What you have to do:
Wherever "Polyclonal" shows up in the records below, copy the whole line.

Dataset items:
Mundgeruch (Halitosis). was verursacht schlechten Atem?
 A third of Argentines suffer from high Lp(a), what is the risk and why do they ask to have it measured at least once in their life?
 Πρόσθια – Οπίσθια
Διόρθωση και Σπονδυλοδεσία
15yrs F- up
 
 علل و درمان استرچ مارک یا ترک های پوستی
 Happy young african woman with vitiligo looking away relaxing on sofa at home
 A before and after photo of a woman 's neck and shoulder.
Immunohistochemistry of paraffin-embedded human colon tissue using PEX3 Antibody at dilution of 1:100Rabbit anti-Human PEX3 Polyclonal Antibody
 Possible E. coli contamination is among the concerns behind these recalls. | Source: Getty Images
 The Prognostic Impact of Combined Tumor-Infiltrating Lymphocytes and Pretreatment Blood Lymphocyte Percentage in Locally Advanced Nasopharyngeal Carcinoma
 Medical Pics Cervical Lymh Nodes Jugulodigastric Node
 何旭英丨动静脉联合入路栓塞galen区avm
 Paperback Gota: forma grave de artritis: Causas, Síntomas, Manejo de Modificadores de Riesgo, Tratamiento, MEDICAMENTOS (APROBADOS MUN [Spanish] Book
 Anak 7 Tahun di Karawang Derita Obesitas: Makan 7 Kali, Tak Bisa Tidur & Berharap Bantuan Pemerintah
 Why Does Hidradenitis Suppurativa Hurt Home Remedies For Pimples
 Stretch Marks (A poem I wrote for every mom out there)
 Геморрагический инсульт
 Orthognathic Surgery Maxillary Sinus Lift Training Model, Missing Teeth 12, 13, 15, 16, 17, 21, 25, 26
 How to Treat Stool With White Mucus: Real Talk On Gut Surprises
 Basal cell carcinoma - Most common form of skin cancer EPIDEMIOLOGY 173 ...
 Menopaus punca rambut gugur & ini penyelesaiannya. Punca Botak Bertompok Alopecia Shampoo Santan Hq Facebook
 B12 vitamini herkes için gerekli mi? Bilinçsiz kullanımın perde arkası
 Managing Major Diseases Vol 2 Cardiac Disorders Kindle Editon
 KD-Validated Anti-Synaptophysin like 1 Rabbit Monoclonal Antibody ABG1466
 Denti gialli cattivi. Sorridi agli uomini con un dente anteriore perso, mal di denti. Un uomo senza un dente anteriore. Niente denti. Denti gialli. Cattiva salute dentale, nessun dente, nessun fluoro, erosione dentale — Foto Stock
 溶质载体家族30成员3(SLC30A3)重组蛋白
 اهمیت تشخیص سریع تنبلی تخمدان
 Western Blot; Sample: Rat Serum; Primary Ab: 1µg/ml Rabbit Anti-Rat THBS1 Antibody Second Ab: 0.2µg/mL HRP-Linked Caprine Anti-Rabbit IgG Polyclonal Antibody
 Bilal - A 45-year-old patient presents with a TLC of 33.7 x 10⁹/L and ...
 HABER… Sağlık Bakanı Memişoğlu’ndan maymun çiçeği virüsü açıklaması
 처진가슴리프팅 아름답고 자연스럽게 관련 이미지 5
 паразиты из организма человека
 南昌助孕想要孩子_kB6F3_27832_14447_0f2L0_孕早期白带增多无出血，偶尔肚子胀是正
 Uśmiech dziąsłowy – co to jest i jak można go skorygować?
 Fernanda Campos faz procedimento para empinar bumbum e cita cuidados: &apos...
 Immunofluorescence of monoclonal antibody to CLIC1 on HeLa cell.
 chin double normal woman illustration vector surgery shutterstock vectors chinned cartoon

Expected answer:
Immunohistochemistry of paraffin-embedded human colon tissue using PEX3 Antibody at dilution of 1:100Rabbit anti-Human PEX3 Polyclonal Antibody
 Western Blot; Sample: Rat Serum; Primary Ab: 1µg/ml Rabbit Anti-Rat THBS1 Antibody Second Ab: 0.2µg/mL HRP-Linked Caprine Anti-Rabbit IgG Polyclonal Antibody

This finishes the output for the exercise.